Do you need your results to generalize to a population?
│
├── YES → You need a probability sample (random element)
│ │
│ ├── Do you need specific subgroups represented?
│ │ ├── YES → STRATIFIED sampling
│ │ │ (divide into strata, randomly sample within each)
│ │ └── NO → ↓
│ │
│ ├── Is the population geographically spread out?
│ │ ├── YES → CLUSTER sampling
│ │ │ (randomly select entire groups)
│ │ └── NO → ↓
│ │
│ ├── Do you have a complete list of the population?

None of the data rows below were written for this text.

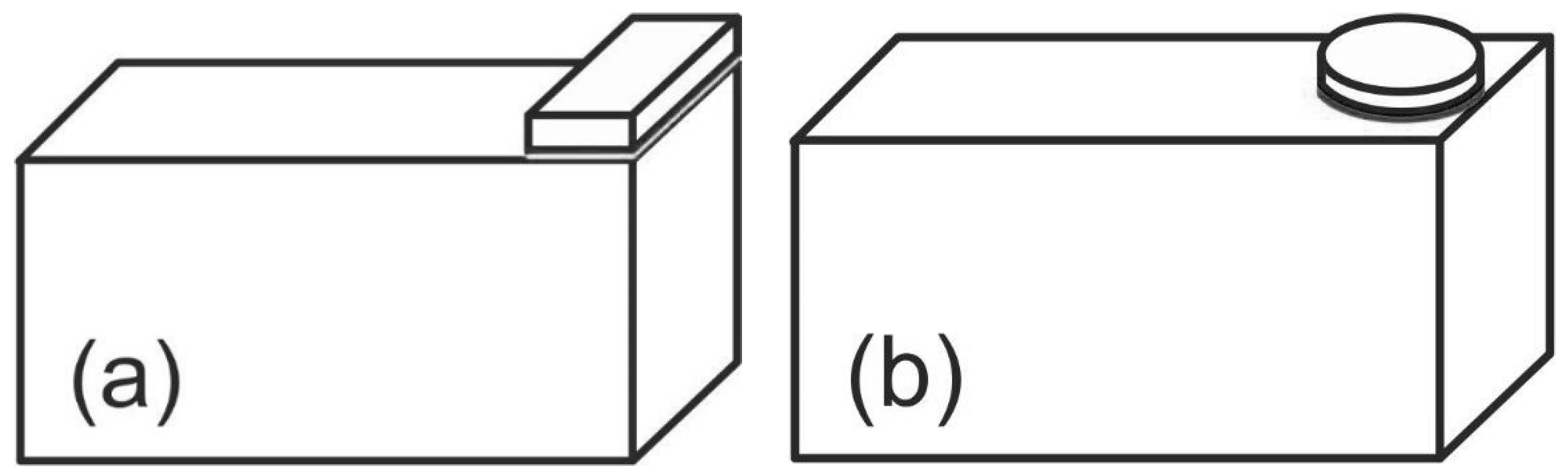 Materials 13 01693 g003 Materials 13 01693 g003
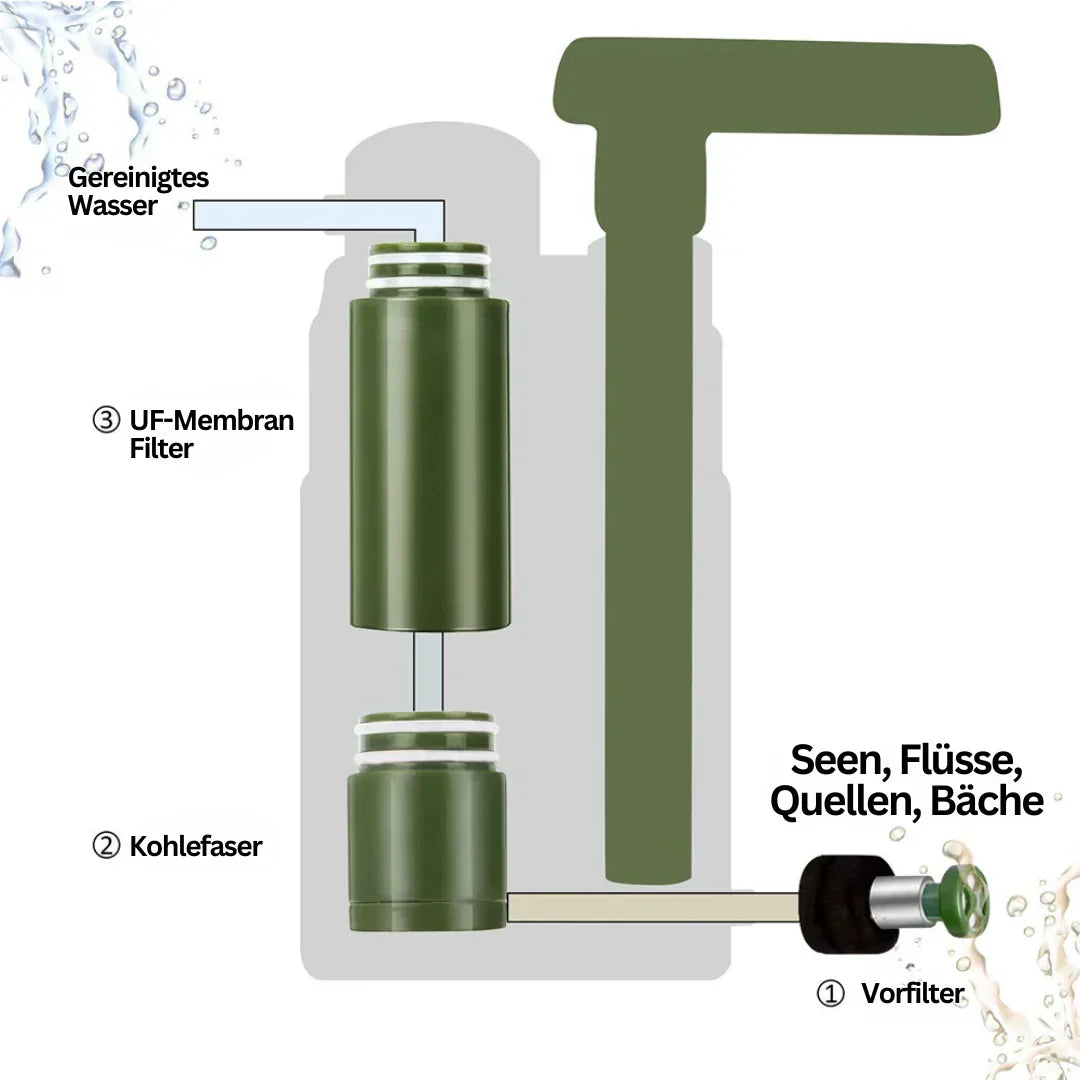 kein Produkt in der Fabrik Tragbarer Outdoor-Wasserfilter – Handpumpe Camping-Wasserreiniger für sicheres Trinkwasser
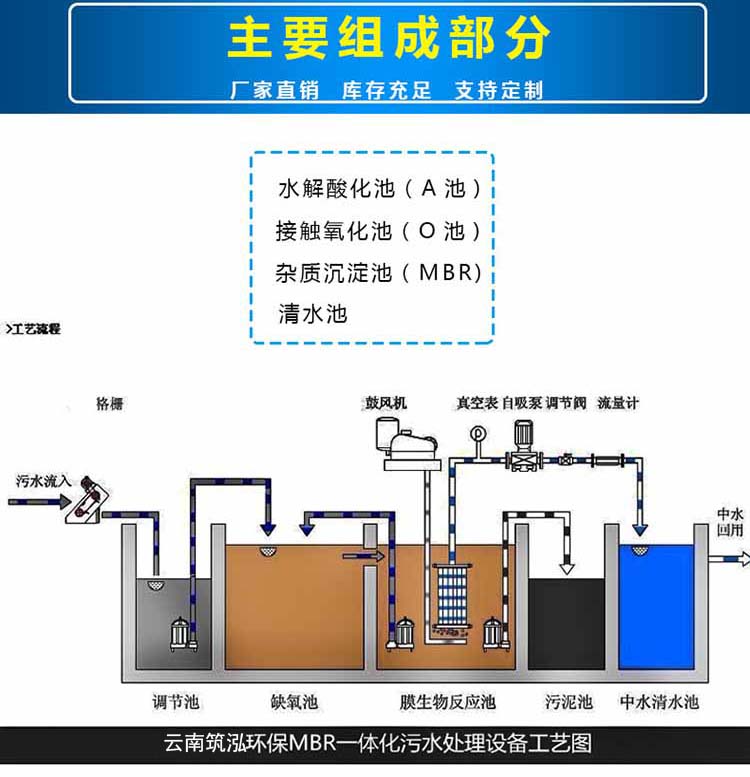 云南一體化污水處理設(shè)備簡介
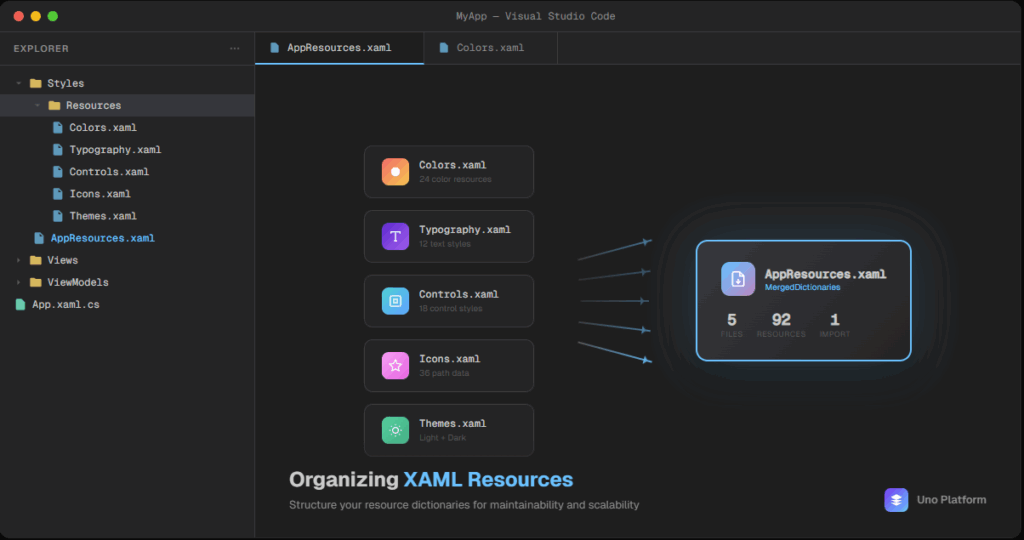Organizing XAML Code at Scale: Patterns for Large Projects - Uno Platform
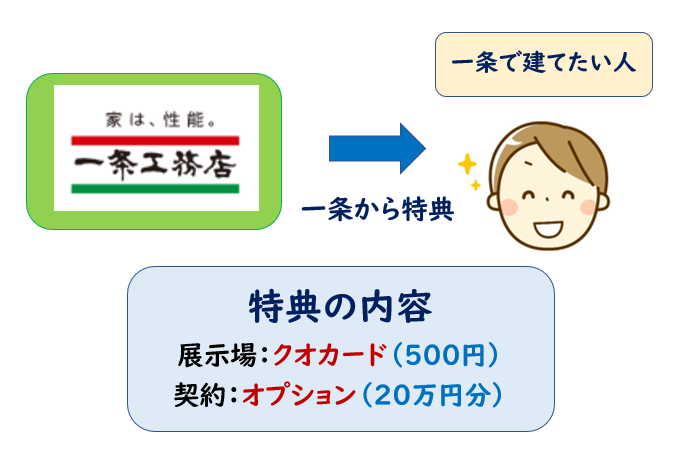 一条工務店知人友達紹介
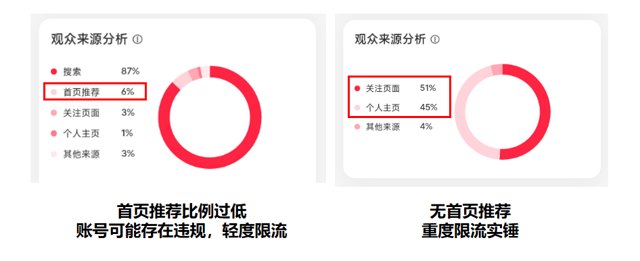 小红书笔记没有流量才是常态...封面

│ │ ├── YES → SIMPLE RANDOM sampling
│ │ │ (every member has equal chance)
│ │ └── NO → SYSTEMATIC sampling
│ │ (every kth member from available list)
│ │
│ └── Always check for bias regardless of method
│
└── NO → CONVENIENCE sampling is acceptable
(but clearly state limitations — results may not generalize)

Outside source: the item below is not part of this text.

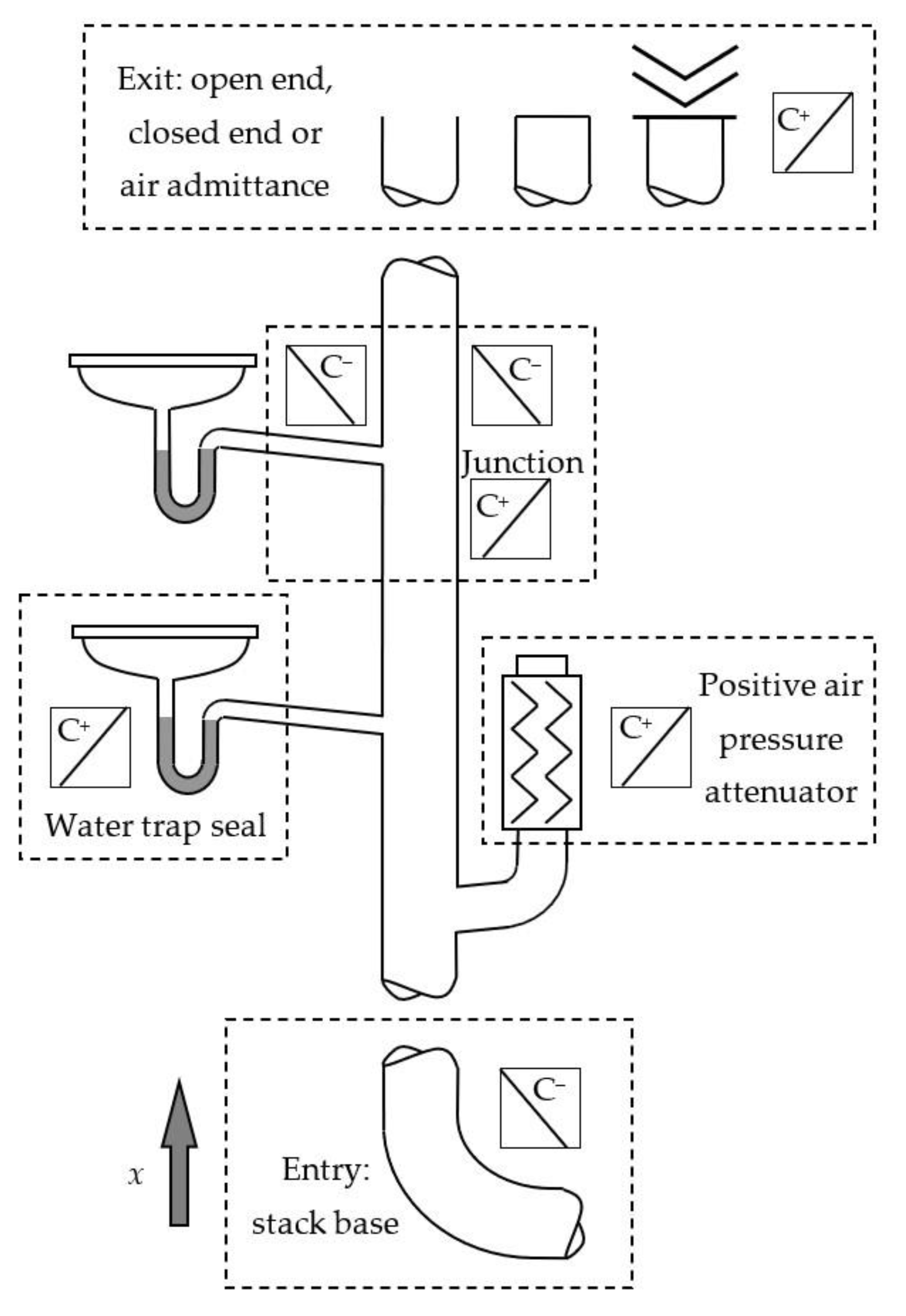 Buildings 11 00070 g003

Sampling Methods Quick Reference
| Method | The Idea | Strength | Weakness |
|---|---|---|---|
| Simple Random | Everyone has equal chance | Unbiased | Need a complete list |
| Stratified | Random within defined subgroups | Guarantees representation | Must know subgroups in advance |
| Cluster | Select entire groups randomly | Cost-effective for spread-out populations | Less precise per observation |
| Convenience | Whoever is easiest to reach | Cheap and fast | Probably biased — use with extreme caution |
| Systematic | Every kth member from a list | Simple to do | Risk if list has periodic pattern |
Bias Cheat Sheet
| Type of Bias | What It Is | How to Spot It | Example |
|---|---|---|---|
| Selection bias | Sample systematically excludes groups | Ask: "Who is missing from this data?" | Phone surveys miss people without phones |
| Response bias | Questions or context influence answers | Look for leading questions, social desirability | "Don't you agree that..." |
| Nonresponse bias | Non-respondents differ from respondents | Check response rates; ask who didn't reply | Only 24% return a survey — who are the 76%? |
| Survivorship bias | Only "survivors" are visible in the data | Ask: "What am I not seeing?" | Studying bullet holes on planes that returned |
The Causal Claims Checklist
When someone says "X causes Y," ask:
- [ ] Was this an experiment or observational study?
- [ ] Was there random assignment?
- [ ] Was there a control group?
- [ ] Was blinding used?
- [ ] Can I think of a confounding variable?
- [ ] How was the sample selected?
- [ ] How large was the sample?
- [ ] Has this been replicated?
Rule of thumb: If fewer than 5 boxes are checked favorably, be skeptical of a causal claim.
Key Terms
| Term | Definition |
|---|---|
| Observational study | Observes without intervening |
| Experiment | Imposes a treatment to observe responses |
| Random sample | Every member has an equal selection chance |
| Stratified sampling | Random sampling within defined subgroups |
| Cluster sampling | Randomly selecting entire groups |
| Convenience sample | Sampling whoever is easiest to reach |
| Systematic sampling | Selecting every kth member |
| Bias | Systematic tendency toward wrong results in one direction |
| Confounding variable | Related to both explanatory and response variables |
| Randomization | Using chance for selection or assignment |
| Control group | Doesn't receive the treatment |
| Treatment group | Receives the treatment |
| Placebo | Inactive treatment that looks real |
| Blinding | Hiding group assignments from participants and/or researchers |
| Double-blind | Neither participants nor researchers know group assignments |
The One Thing to Remember
If you forget everything else from this chapter, remember this:
The design of a study determines what it can prove. Observational studies show association. Experiments with randomization show causation. And a biased sample — no matter how large — gives you a precise wrong answer.